Data>
····················

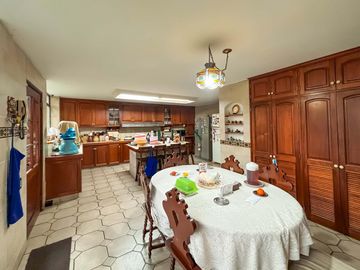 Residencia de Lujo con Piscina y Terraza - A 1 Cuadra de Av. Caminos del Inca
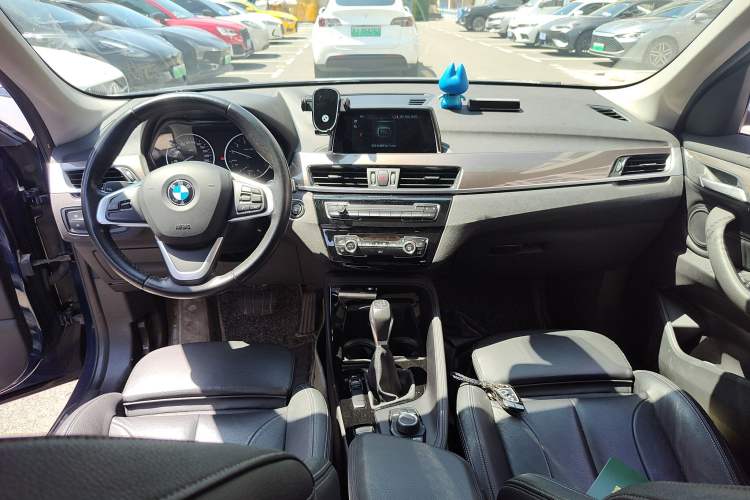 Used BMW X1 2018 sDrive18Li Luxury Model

····················

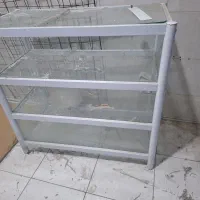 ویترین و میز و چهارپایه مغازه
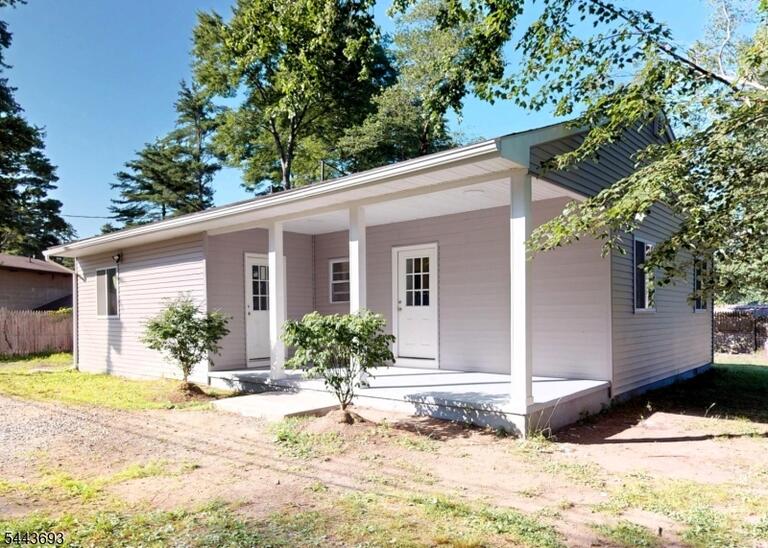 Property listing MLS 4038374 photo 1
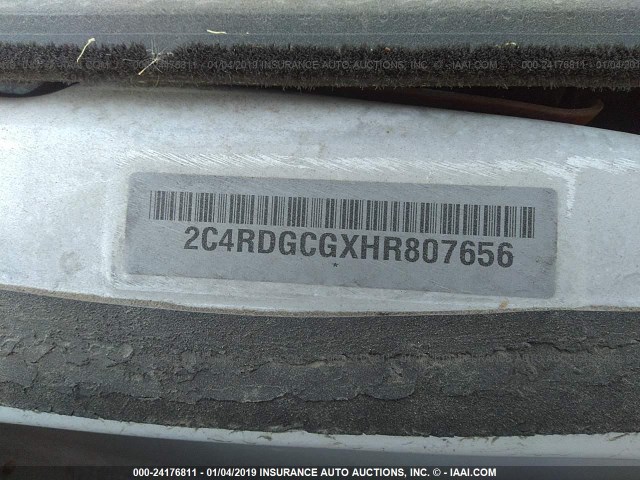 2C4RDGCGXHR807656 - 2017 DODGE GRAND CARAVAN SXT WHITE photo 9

····················

Task goal> Working from the entries above, please transcribe only the lines from the line with "Residencia de Lujo" through the line with "Used BMW X1 2018 sDrive18Li Luxury Model", exactly, with both end lines and without pictures.

Answer for the task>
 Residencia de Lujo con Piscina y Terraza - A 1 Cuadra de Av. Caminos del Inca
 Used BMW X1 2018 sDrive18Li Luxury Model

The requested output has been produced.